Work request –
Pictures are to be omitted. Output only the lines from the one containing "狂暴李信暴打火舞！三魔抗单挑无敌，来多少砍多少！" through the end of the data, word for word.

*** Opening Supplied material ***

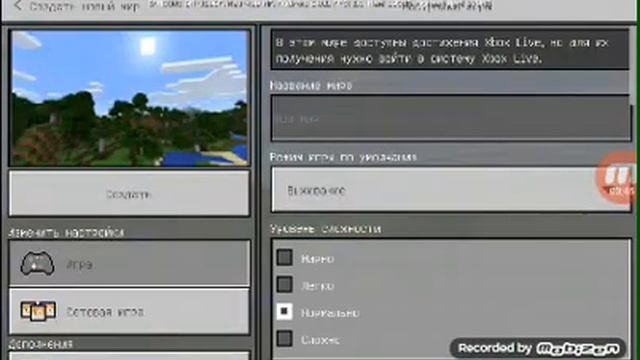 Топ 2 способа найти подводный храм в майнкрафте (без сида) смотреть онлайн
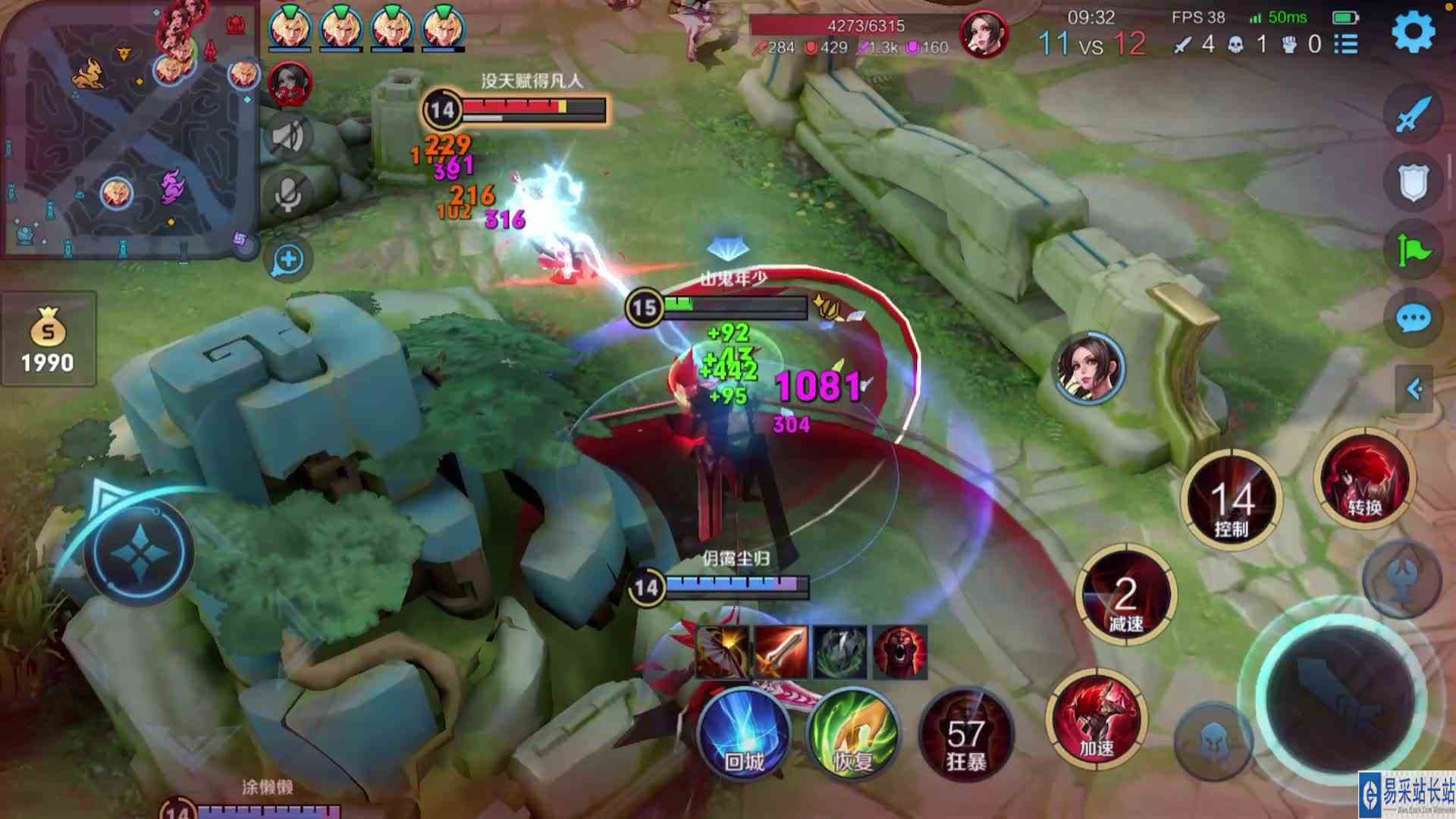 狂暴李信暴打火舞！三魔抗单挑无敌，来多少砍多少！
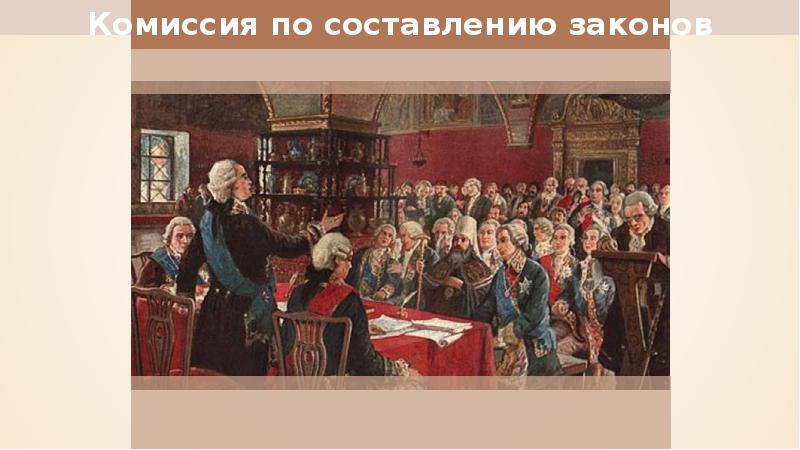 Комиссия по составлению нового уложения. Уложенная комиссия 1767 года. Уложенная комиссия Екатерины 2 картина. Екатерининская комиссия 1767 года картина. Заседание уложенной комиссии картина.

*** Closing Supplied material ***

Worked solution –
 狂暴李信暴打火舞！三魔抗单挑无敌，来多少砍多少！
 Комиссия по составлению нового уложения. Уложенная комиссия 1767 года. Уложенная комиссия Екатерины 2 картина. Екатерининская комиссия 1767 года картина. Заседание уложенной комиссии картина.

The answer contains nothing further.